Par un arrêté daté du 12 juin 2026, pris pour la période courant jusqu’à la fin du mois de juin 2026, le maire de Toulouse a interdit la circulation de mineurs de 16 ans non accompagnés par une personne majeure de 22h à 6h pour différentes dates, correspondant toutes à des soirs de matchs du premier tour du tournoi, dont trois matchs de l’équipe de France. Cet arrêté s’applique sur plusieurs secteurs de la ville.
La commune de Toulouse n’a pourtant pas connu des heurts d’importance à déplorer au cours des précédentes Coupes du monde et Coupes d’Europe des nations.
Cet arrêté a été pris en raison de « l’existence de matchs à risques, dont certains se déroulant à des heures pouvant générer des débordements », de ce que « la présence de mineurs de 16 ans et moins, non accompagnés d’un adulte ayant autorité, en période nocturne, dans certains lieux de la ville, est susceptible de constituer un risque tant pour leur intégrité physique que pour la tranquillité publique », et en raison des précédents « épisodes de violences urbaines survenus durant la nuit du 30 au 31 mai 2026, en marge de la finale de la Ligue des champions ». L’arrêté mentionne que « les données relatives à la délinquance des mineurs sur la commune de Toulouse révèlent une implication significative et en progression de ces derniers dans plusieurs catégories d’infractions. »

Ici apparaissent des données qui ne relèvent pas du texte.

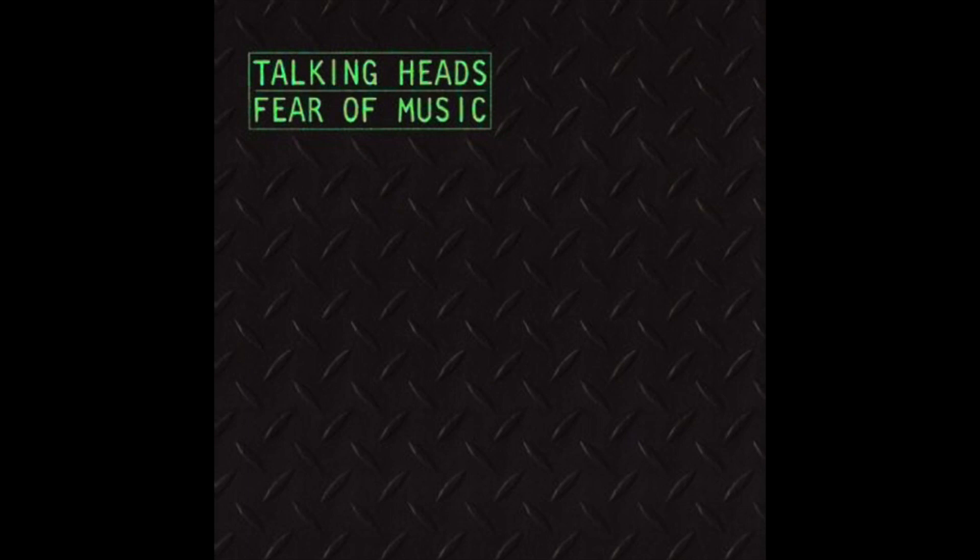This ain't no party, this ain't no disco, this ain't no foolin' around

Estimant que cet arrêté portait une atteinte manifeste à plusieurs libertés fondamentales, dont la liberté d’aller et venir, la LDH a décidé d’introduire, le 15 juin 2026, un référé-liberté devant le tribunal administratif de Toulouse.
Par une ordonnance rendue le 18 juin 2026, le juge des référés du tribunal administratif de Toulouse a rejeté le référé en retenant des circonstances particulières liées à la délinquance des mineurs et le caractère non disproportionné, compte tenu du secteur limité et surtout de ce que seuls quelques soirs sont concernés par le couvre-feu, que pour les matchs dits à risque.